Controlling Robots using a Wiimote and Gesture Recognition

Some guys in the lab I work at have been using Wiimotes for some of the research they’ve been doing in using gestures to control teleoperated/semi autonomous vehicles. This is a video thats shows some of their work. I thought it was pretty neat and deffinately very relavent to the FIRST community.

One of the neatest things that this technology features is the implementation of JAUS, which is the Joint Architecture for Unmanned Systems. These wiimotes can actually be implemented and used in any system that utilisizes JAUS, which the Armed Forces are pushing for.

Why does this peak my interest other than being really really cool? This article discusses how Virginia Tech and Torc Technologies developed a set of LabVIEW tools that apparently can work with the CompactRio. I’d love to see implemenation of this technology on a robot next year, not sure what the rules will be on whether or not you could use Wiimotes, but at the very least implementing Jaus is a possibility, which would be a pretty cool feat.

JAUS is a pretty neat standard protocol and not too difficult to implement. A college robotics competition called IGVC requires all participants to implement different levels of JAUS interoperability.

The team I worked with implemented JAUS control using python and it worked well. FIRST could make JAUS an optional challenge in the coming years and eventually make it a mandatory requirement.

Sorry to burst your bubble, guys, but Wiimotes use bluetooth, which is strictly forbidden at FIRST events.

That being said, it would be awesome if rules were changed so wiimotes were legal. Still, from my experience with the Wii, I’ll take a pair of joysticks or a GC controller any day.

My bubble is still intact ! :smiley:

luckily JAUS can be implemented over wifi or a wide array of other wireless transmissions. Therefore, JAUS is still a possibility in the FIRST competition.

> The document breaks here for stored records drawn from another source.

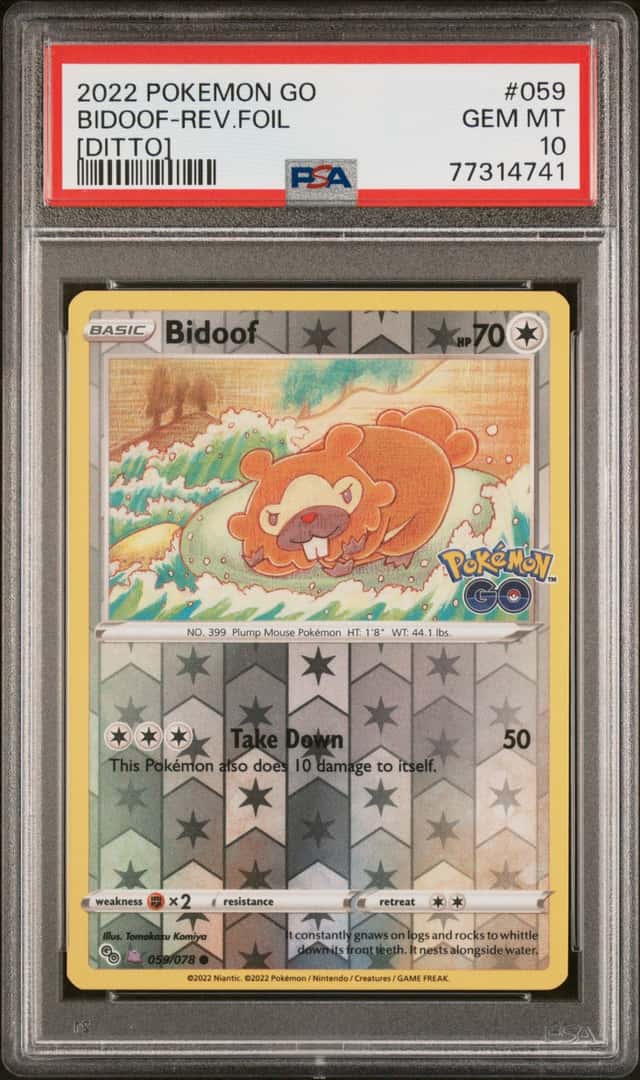 Bidoof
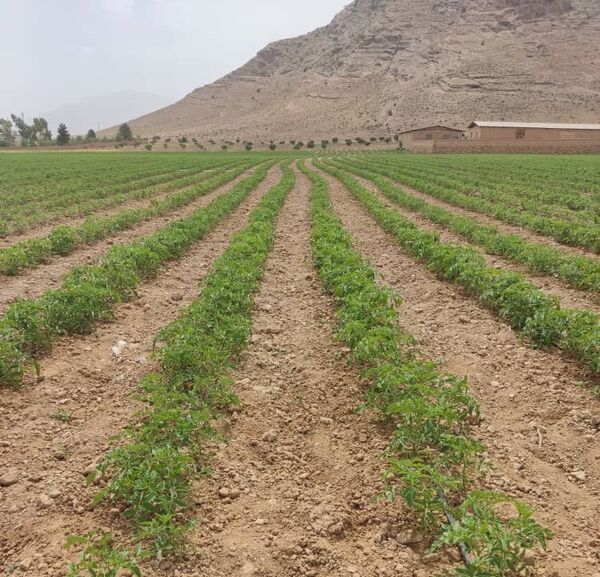 آغاز کشت نشاء گوجه فرنگی در اراضی خرامه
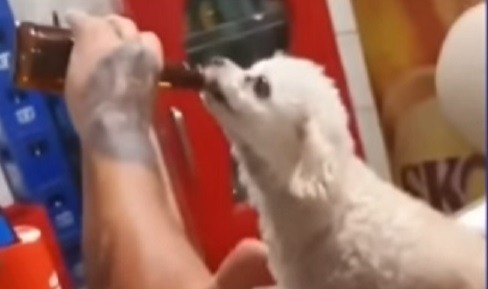 Homem acusado de dar cerveja a cachorro é investigado pelo MP em Araraquara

So was wifi til this year, but their bursting that bubble. I’m willing to guess over the next few years we are going to see different allowances for controlling devices. I also I believe your completely missing the point, The robot drives via gesture recognition. This means that when you perform an action the robot drives. Now the tool they use in this operation, happens to be the Wii mote. The input tool can change, and eventually will change because the wiimote is impractical. Imagine having a glove, or something similar that could respond in the same manner, the usage of bluetooth has absolutely no impact on the implimentation. JAUS is a communications standard which would allow the robot to respond the exact same way with the different interface ( providing the interface was telling the bot to do the same thing )

I agree, about the joysticks thing, especially with most FIRST robots, however if a team so desired a sub autonomous robot that took input via gesture recognition, holy cow I think that would blow peoples minds. Plus its a robotics competition, its cool to potentially start using robotic standards.